Quotulatiousness

October 31, 2015

QotD: Modern movies fail to reflect reality in the expected manner … unexpectedly

Filed under: Media, Politics, Quotations, USA — Tags: , , , — Nicholas @ 01:00

Ages are marked by their paranoias and despairs, and we see those paranoias and despairs in the art an age produces. What we dread in earnest we enjoy in fantasy.

After Watergate, there were a series of very paranoid and nihilistic films — The Parallax View, Capricorn One, The Conversation on the paranoid end; then all the violent ones about a growing nihilism in the world — Dirty Harry, Death Wish, and so on.

Cultural observers had no problem pointing directly at Watergate (and the assassinations of the Kennedys and Martin Luther King, Jr.) to explain the paranoia, and nor were they so blind as to not notice the decay and malaise (and rising tide of bloody crime) of the seventies were responsible for the various violent retribution films.

[…]

Since 9/11, we faced a lot of movies about cataclysm and the end of the world. It’s easy enough to see that connection.

But the Age of Obama has not produced any uplift, nor any respite from the current preoccupation of people with the End Times. As a non-religious person, I don’t mean this literally (though many may), but it is impossible not to note the idea of Apocalypse and Cataclysm is in the air.
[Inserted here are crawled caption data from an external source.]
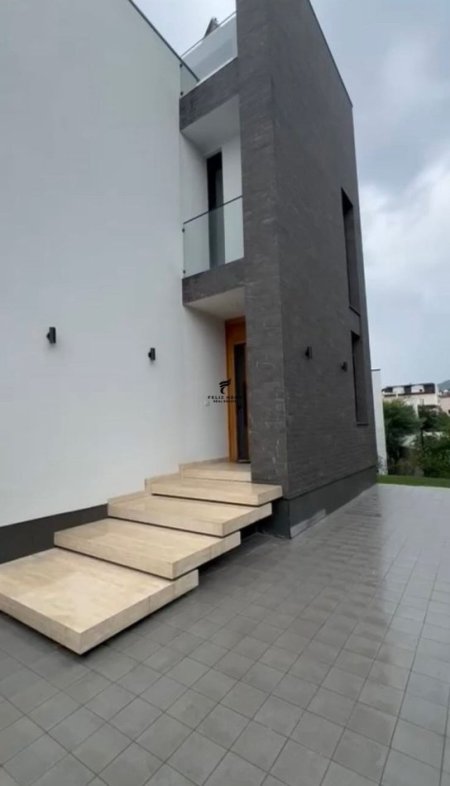 Tirane, jepet me qera Vile 3 Katshe Kati 0, 600 m² 3.000 € (Teg)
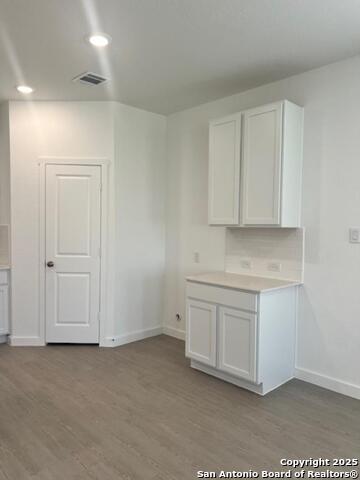 Listing photo id 8 for 5015 Palo Duro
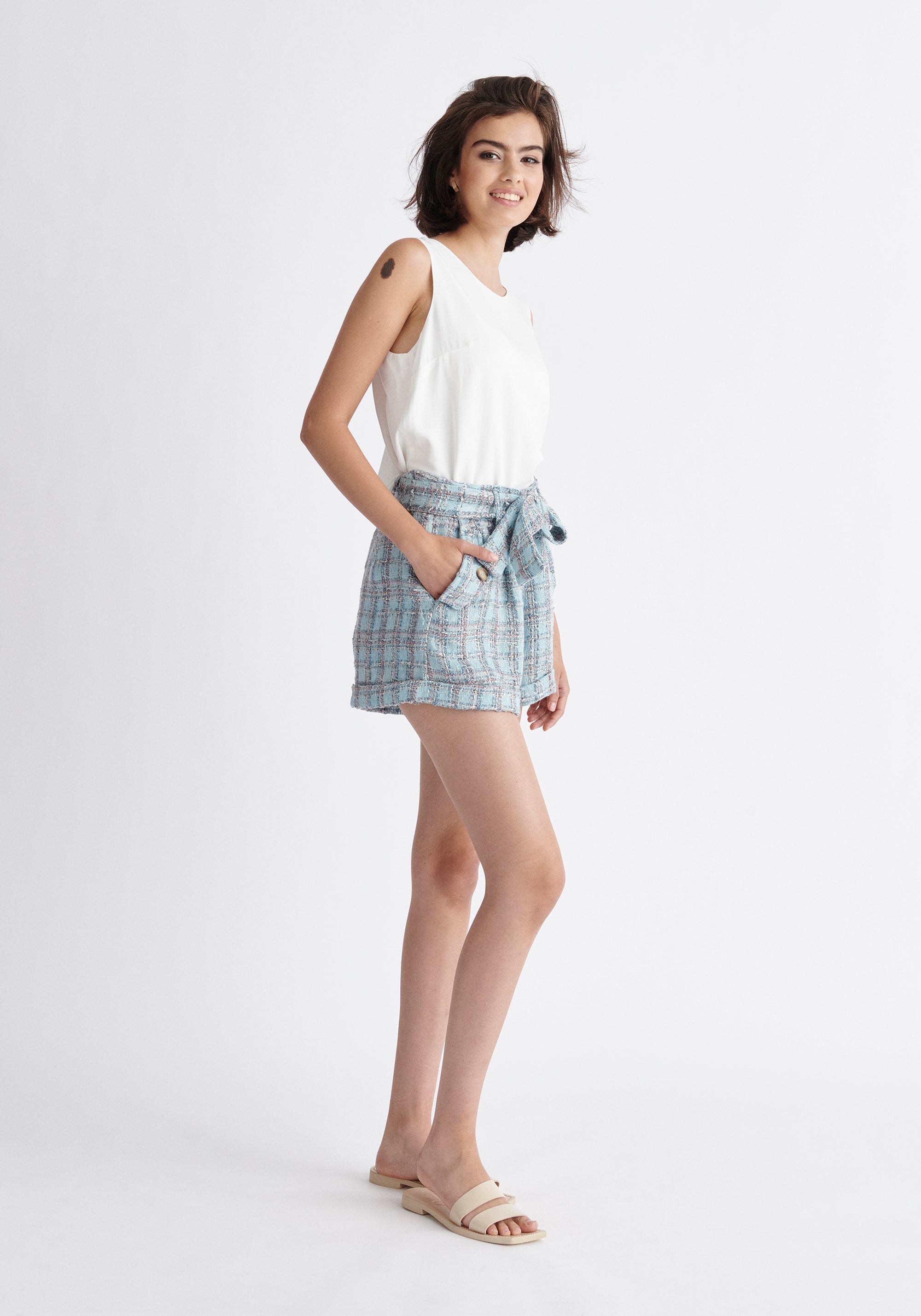 Paisie Boxy Ruffle Top in White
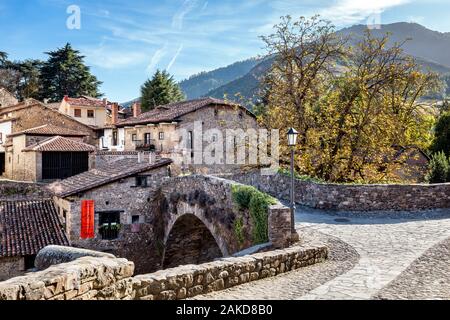 Die alte Steinbrücke in Pobes, Nordspanien Stockfoto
Look at the number of zombie films and zombie TV shows — as obvious a metaphor for decay and rot as can be imagined. Or the still-doing-bonzo-business cataclysm fantasies. Even the latest Man of Steel was about cataclysm.
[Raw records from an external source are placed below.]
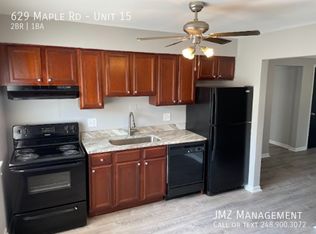 629 W Maple Rd APT 15, Clawson, MI 48017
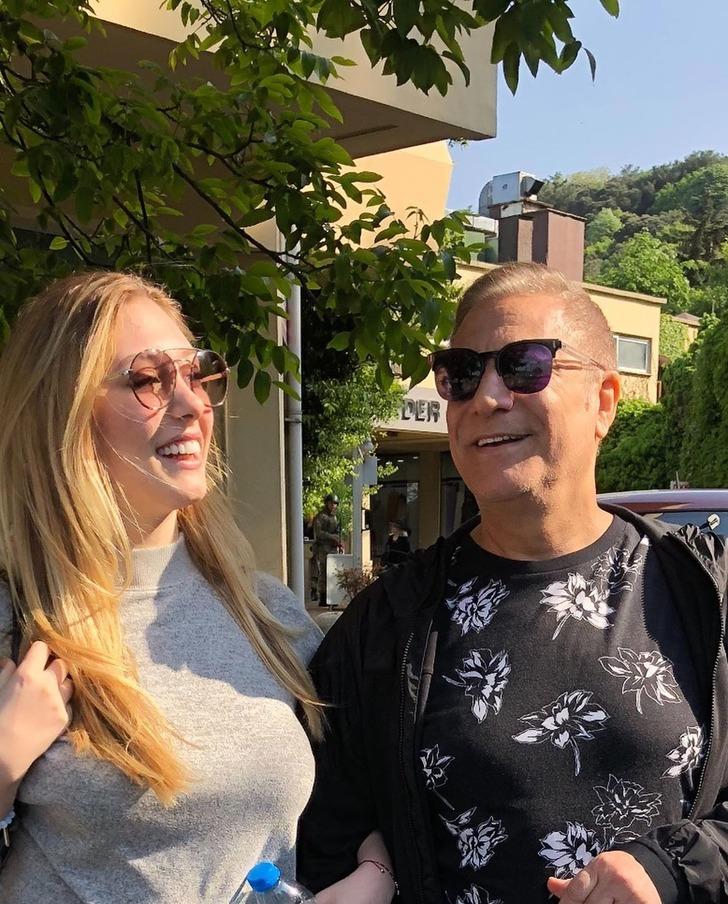 Yasmin Erbil'den çok konuşulacak bikinili pozlar! Babası sansürlemişti, engelleyemedi... G1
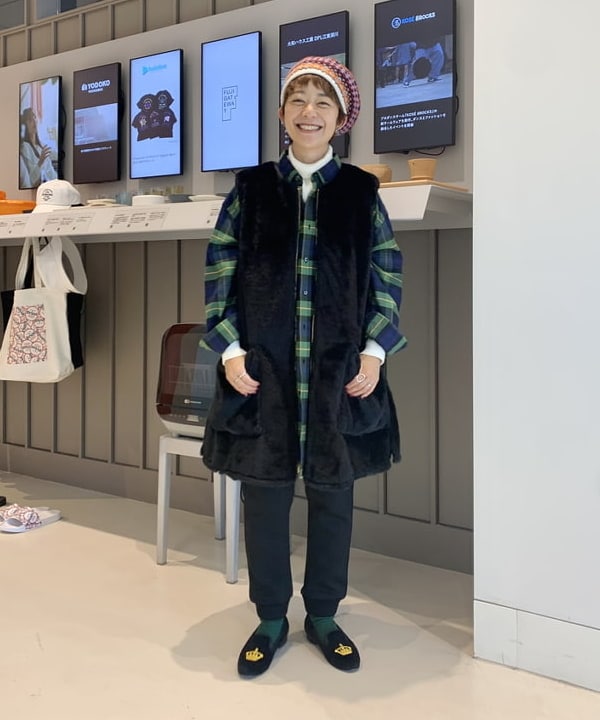 矢野(青木)優香さんの「BEAMS WOMEN｜Ray BEAMS / 14G リブ タートルネック ニット」を使ったコーディネート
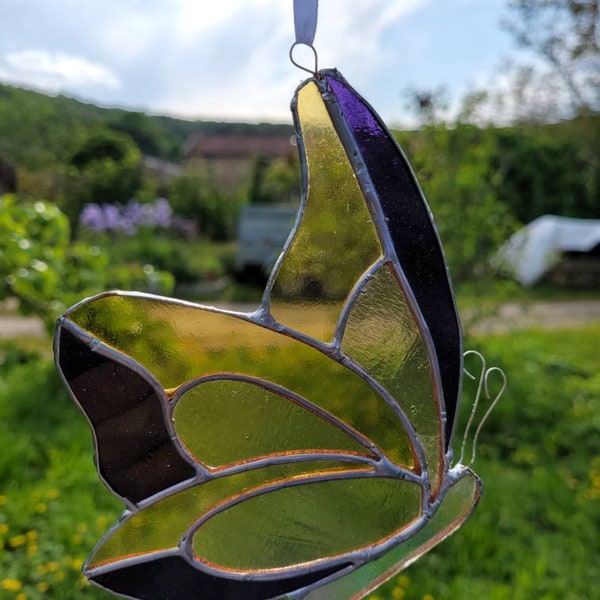 Papillons en vitrail à suspendre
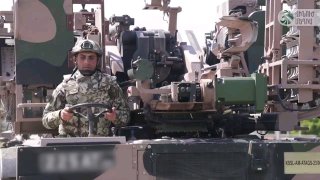 Министр обороны Армении Сурен Папикян на фоне артиллерийских установок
And now add into that the large number of paranoid, rotten dystopia movies.

If the Age of Obama is so swell, if we’re all filled with Hope, why is this age not producing the spate of feel-good, have-fun, get-rich movies the 80s did?

Why are our collective fantasies in the Age of Obama so single-mindedly focused on the idea of dystopia, cultural decay, and ultimately cultural destruction?

Whether liberal cultural critics want to admit it or not — and they seem very much to not want to admit it, because this is so obvious it’s painful, and yet they fail to make this obvious connection — the Obama years are years of economic want, emotional depression, and spiritual chaos, at least as reflected by entertainments resolutely focusing on the end-times and the wretched dystopias that arise after the End Times, when civilization is dead but just hasn’t stopped moving yet.

The Leftovers, The Returned, Revolution, the Walking Dead not only being a top-rated show, but spawning a top-rated spin-off — I dare anyone to find any previous moment in American history, including in the years of paranoia after Watergate, in which our fantasies have been so dark, depressive, anxious and foreboding.

This is all very obvious. The people in Hollywood turning out one cataclysm-and-dystopia entertainment after another surely sense this, as do the talentless idiots paid to comment on the culture at fluffy magazines like The Atlantic and New York and The New Yorker; and yet, another aspect of the Age of Obama — that one must never admit the horrible truth; one must always pretend it away, and give only praise to Dear Leader — keeps people from stating what is so obvious it’s increasingly uncomfortable to remain silent about it.

Ace, “Going By Movies, America Is In An Apocalyptic Frame of Mind”, Ace of Spades H.Q., 2015-10-27.